Should You Move Before or After You Have a Baby?

  • By _dm_templates
  • 06 Jan, 2016
pregnant cartoon woman doing yoga

Should You Move Before or After You Have a Baby?

When you first discovered you had a little one on the way, you and your partner couldn’t feel happier. You announced the good news to friends and family, and you did plenty of research to prepare yourself for parenthood.

And when your partner received a new job offer in another city, you couldn’t feel prouder. You knew your spouse worked hard, and the raise in income helped you set aside money for medical bills and nursery supplies.

But as your two pieces of good news collide, you have a difficult decision to make. Do you move as soon as possible, before the baby comes? Or do you wait until after you’ve given birth to seek a larger, more comfortable home?

Advantages of Moving Before the Baby Comes

If you take the leap and make your move before the baby comes, you can enjoy the following benefits:

Y ou Can Let Your Nesting Instinct Go Wild

Many moms-to-be experience a nesting instinct while pregnant.

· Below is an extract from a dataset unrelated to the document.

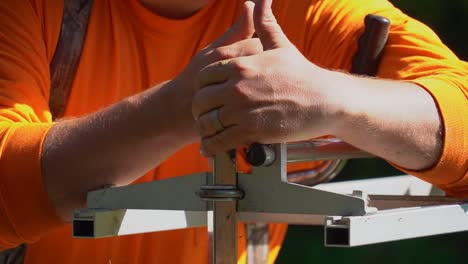 Un-Leñador-Con-Camisa-Naranja-Y-Anillo-De-Bodas-Ajusta-Su-Plataforma-De-Fresado-Con-Motosierra-Estilo-Alaska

This instinct may drive you to do everything you can to prepare your household for your new infant. In a new home, you may feel the urge to scrub every corner of the bathroom, sweep out the garage or restock your fridge. And as you clean and baby-proof your new home, you’ll soon feel more comfortable in your unfamiliar surroundings.

You Can Take More Time to Recover

Don’t make the assumption that you can pop the baby out and get back to the gym, to work or to packing and moving boxes the next day. Although some women do heal quickly, most experts agree that mothers need at least a year to recover from child birth. If you move early in your pregnancy, you can spend your recovery time enjoying and relaxing in your new home.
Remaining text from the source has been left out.